Tuesday is election day. Everybody will go to the polls and cast their ballot. If the current projections hold, the Democrats will have at least 1 chamber and we will greatly shrink the Republican majority in the Senate. For the remainder of the week, the Republicans will perform various acts of contrition and mea culpa, hoping it will be over.
Unfortunately for the Republicans, it is really just beginning.
To explain that statement, let me provide a bit of personal political history. I spent the years 2001-2004 in law school and studying for the bar. For those of you who have been through this experience, you understand the cocoon-like nature of law school. I would love to tell you I spent those years politically active and aware. The reality is I spent the vast majority of my time in the library or at home buried in various law books. Basically, I let the world pass me by for those years.
When I emerged at the end of the summer of 2004, the Presidential campaign was in full force. I had a lot of catch-up to do. I found some blogs and started participating online in various forums.
Then came Kerry's defeat.
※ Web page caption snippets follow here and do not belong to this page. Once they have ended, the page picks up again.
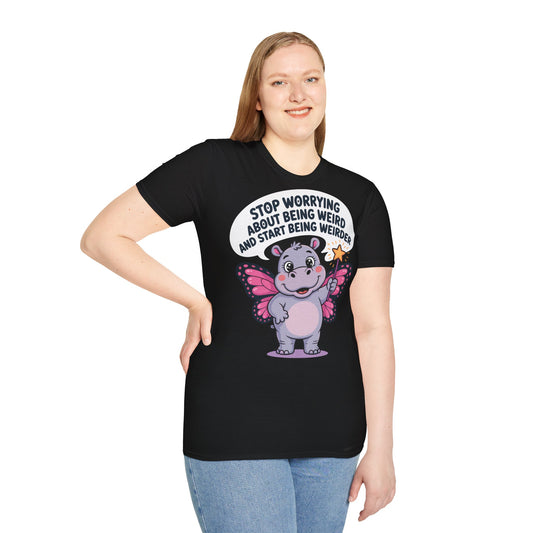 Frau trägt Schwarzes T-Shirt mit lustigem Nilpferd im Feen-Outfit und Spruch „Stop Worrying About Being Weird and Start Being Weirder“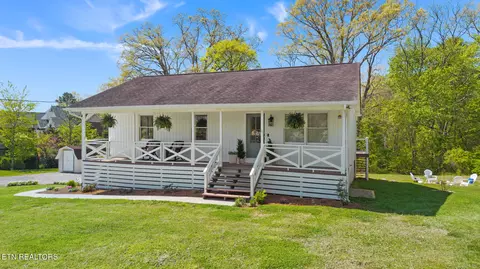 8001 Helen Dr, Powell, TN 37849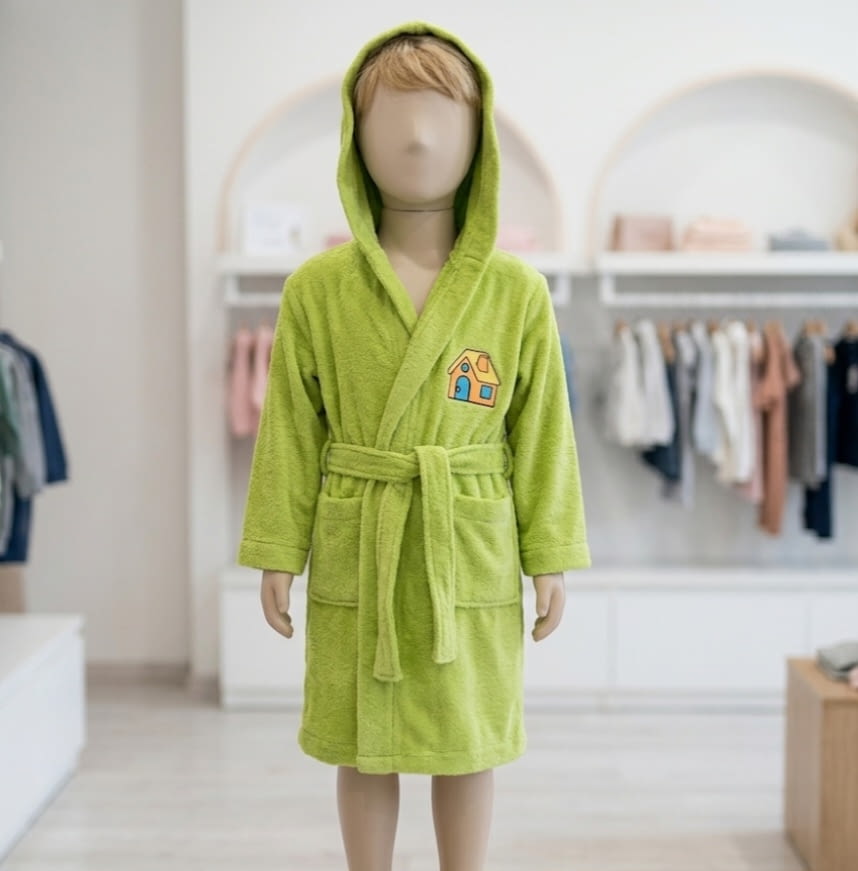 Albornoz infantil terciopelo verde. Tallas: 6 y 8 sños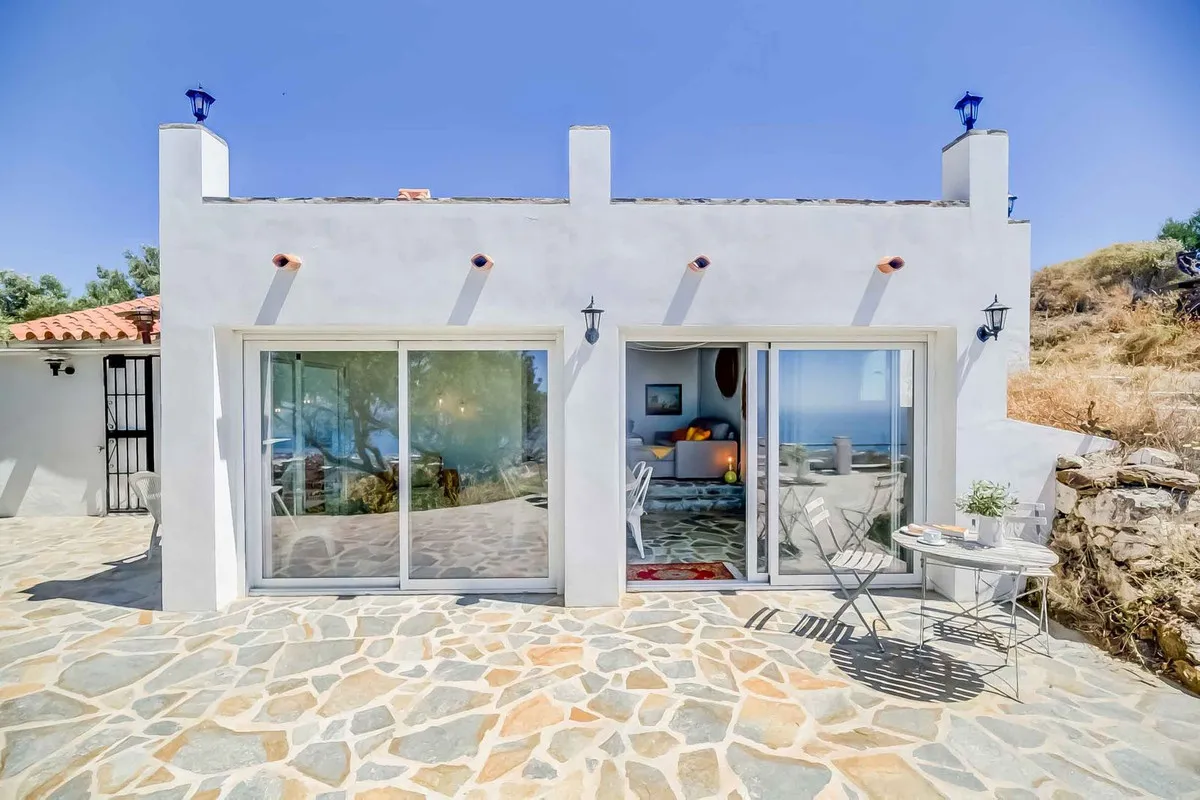 ab805e05-52c4-47d8-ad9f-557ebe56f99f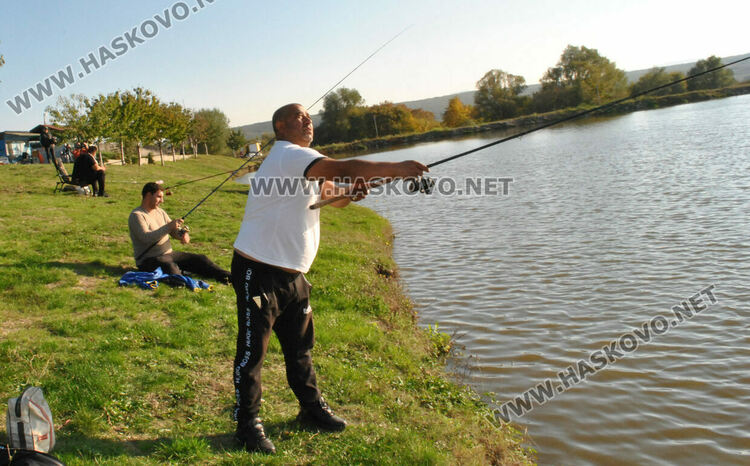 Пуснаха „златна рибка“ в язовир край Конуш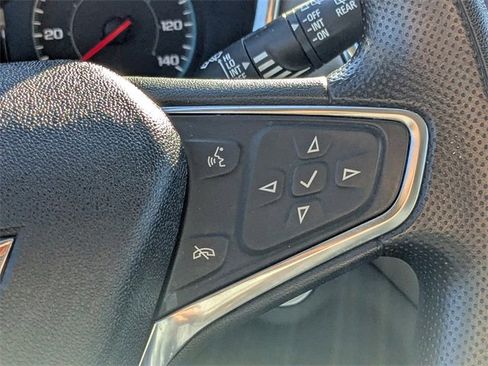 Used 2023 Chevrolet Equinox LS image 25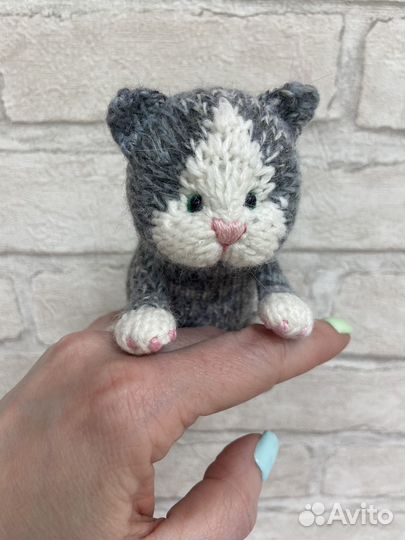 Котенок вязанный ручной работы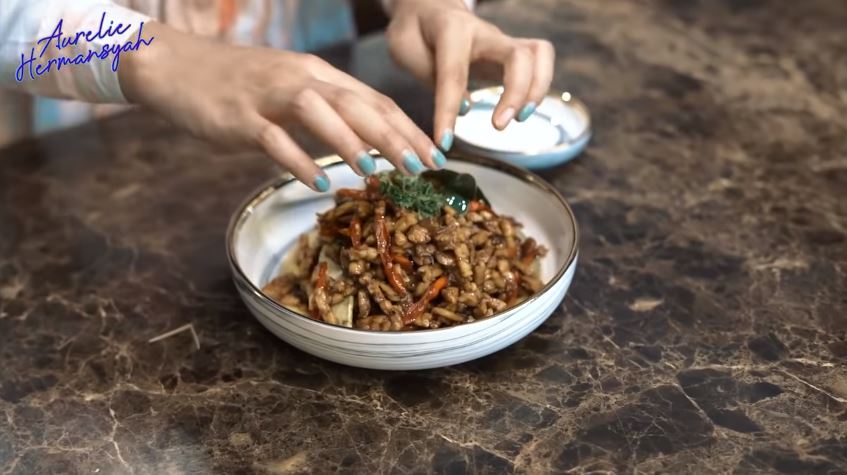 10 Menu masakan ala Aurel Hermansyah, simpel tapi bikin ngiler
For a few days I was crushed. However, after a few days I realized how stupid the 2004 campaign was. Strategically, it was a joke. We had conceded far too many states at the beginning of the campaign, instead focusing on a few "swing states" (or whatever the terminology was), hoping to turn them. Unfortunately this was a disastrous policy which probably cost us the election.
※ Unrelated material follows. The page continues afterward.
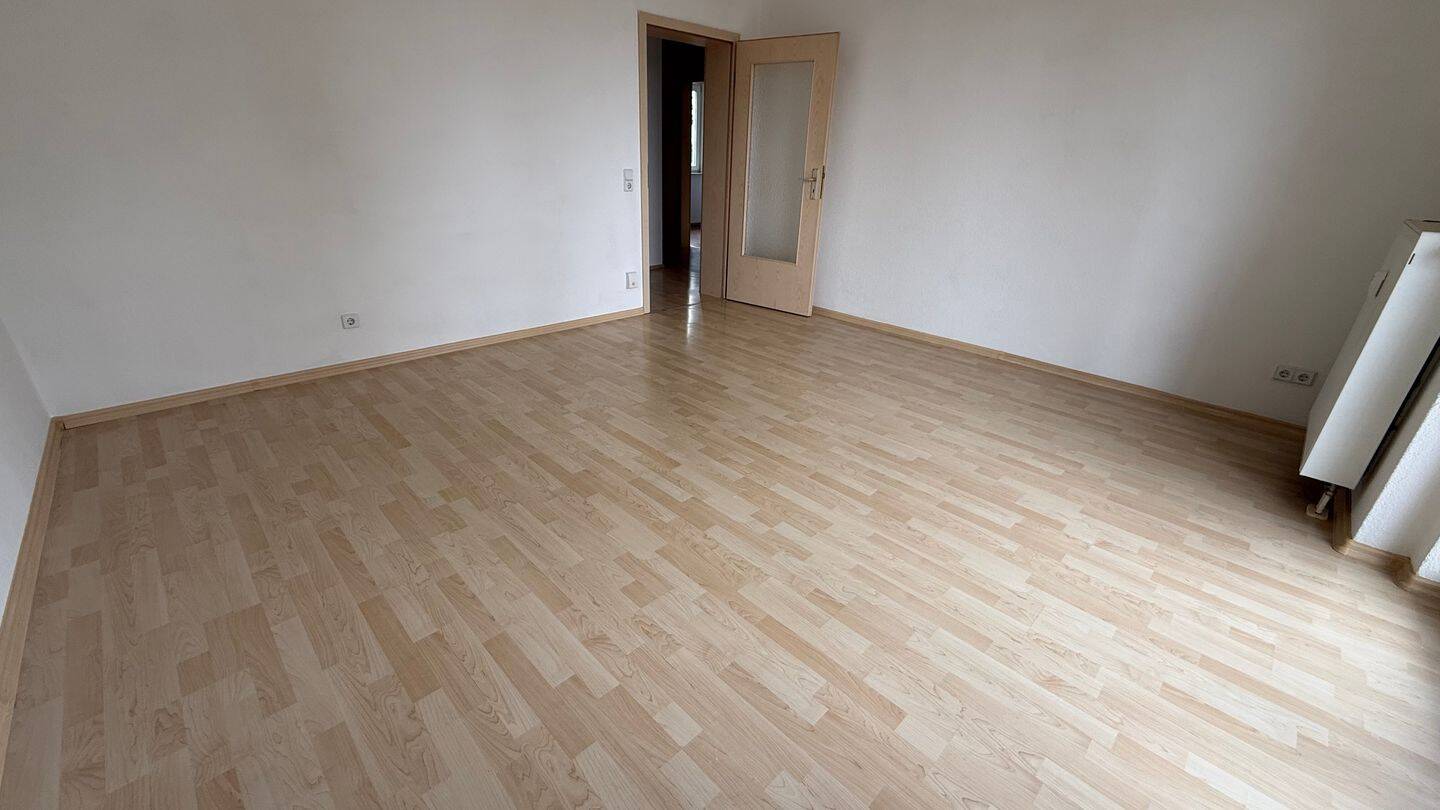 Wohne am Heimgarten + sonniger Balkon am Wohnzi. + Bad mit Fenster – Chemnitz – Vorschaubild 2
Then came the election of Dean as Chairman of the DNC. A new day dawned. All 50 states would now be in play. And we would work to rebuild a party that had horribly atrophied. Entire state organizations had been neglected for years. As a result we had a ton of work to do. Speaking for Texas (where I live), we still have a ton of work to do.
Then came Bowers call for as many candidates as possible. Professional politicos thought he was a fool. We have seen Kos repeatedly slamming Stu Rothenberg for saying so. We got the candidates. And we started running. Through the internet we started asking for donations. And we raised a ton of money in small denominations.
This is when I decided to contribute to the party by writing about economics. And by the looks of it, I am not the only person who made a commitment. In fact, by looking at the popularity of the left-side of the blogshpere, it's really obvious that literally millions of people have started to contribute in their own way. There are tons of people who have found their niche helping out to further our electoral gains.
The end result is simple. According to Pollster.com, there are currently 27 districts that are toss-ups. Yes the Republicans have helped us a great deal by being incompetent.
However, don't sell yourselves short because of the Republicans terrible governing record. In two years, we have made great headway to rebuilding the party from the ground up. We have fielded a ton of candidates, forcing the Republicans to allocate their resources over far more races than before. This has greatly diluted their electoral prognosis. We have built and started to use an effective online community for everything from fundraising to message coordination. In short we have started to fight back.
This is the first election where the 50-state strategy and netroots activism have really started to come together. There have been some ups and downs, but the results are incredible. We have put a ton of seats into play. We have raised the money and allocated it. We have come up with the message and spread it. We have worked our fingers to the bone to get the job done. And we have.
This is our first real coordinated effort. And it is really good. Imagine what will happen in 2008 after two more years of coalition building, of message building, and infrastructure building.
In other words, this election is the beginning. There will be more and better things to come.
Now, stop reading this damn blog and get back to work.